* YOUR TASK *
Exclude the pictures; give every entry again exactly as written.

* EXCERPTED DATA *

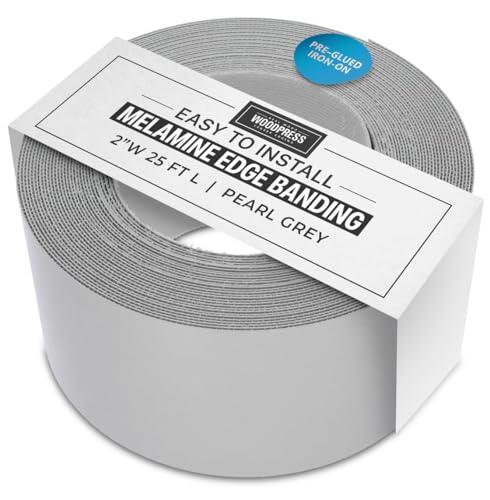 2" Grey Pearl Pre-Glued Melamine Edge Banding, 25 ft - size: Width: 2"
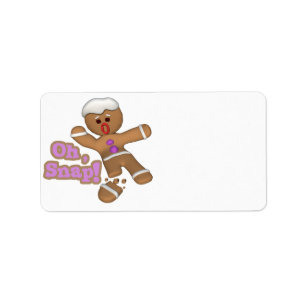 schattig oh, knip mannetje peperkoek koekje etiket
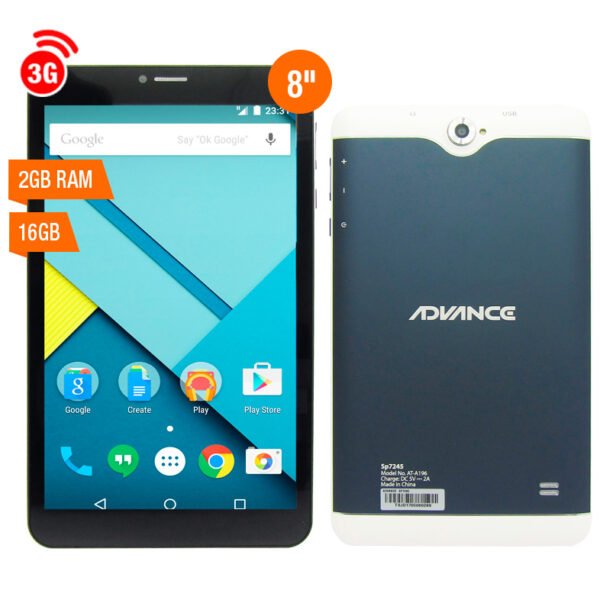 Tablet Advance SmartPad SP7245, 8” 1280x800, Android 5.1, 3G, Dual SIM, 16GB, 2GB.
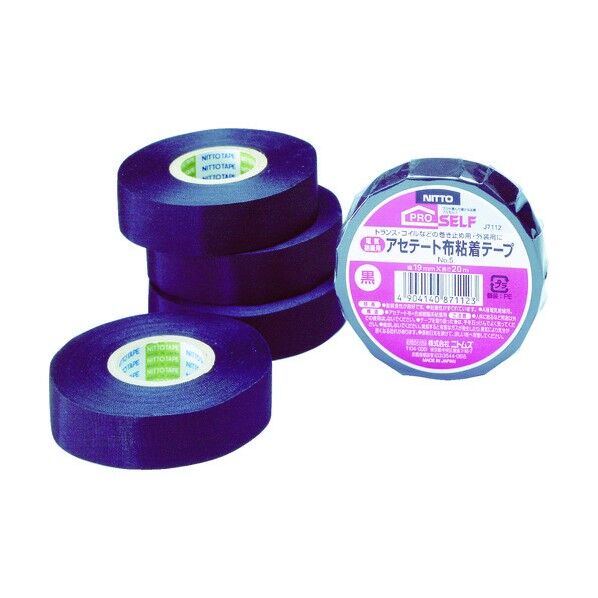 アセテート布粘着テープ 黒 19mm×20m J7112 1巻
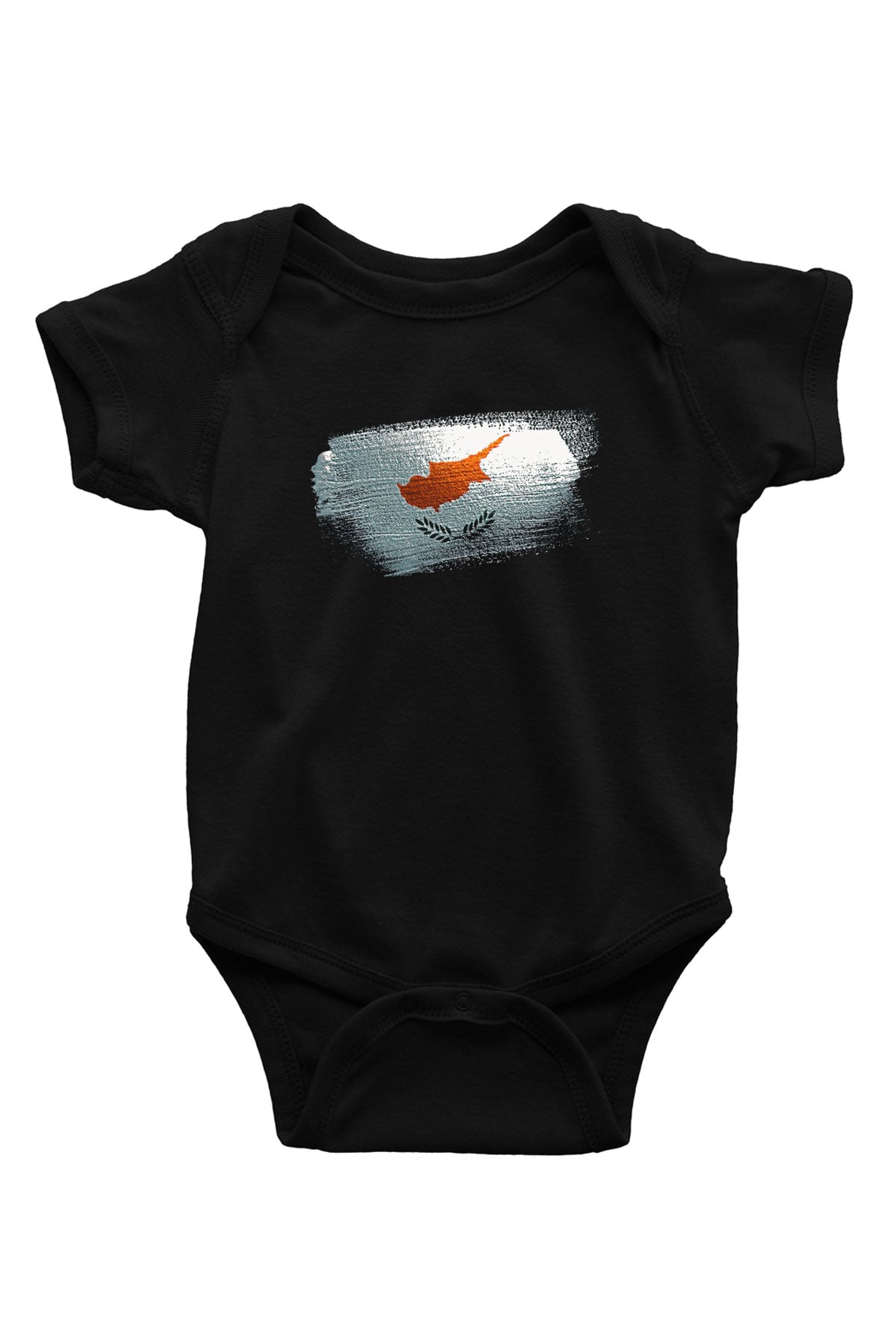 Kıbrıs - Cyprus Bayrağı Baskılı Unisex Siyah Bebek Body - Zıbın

* RESPONSE BELOW *
 2" Grey Pearl Pre-Glued Melamine Edge Banding, 25 ft - size: Width: 2"
 schattig oh, knip mannetje peperkoek koekje etiket
 Tablet Advance SmartPad SP7245, 8” 1280x800, Android 5.1, 3G, Dual SIM, 16GB, 2GB.
 アセテート布粘着テープ 黒 19mm×20m J7112 1巻
 Kıbrıs - Cyprus Bayrağı Baskılı Unisex Siyah Bebek Body - Zıbın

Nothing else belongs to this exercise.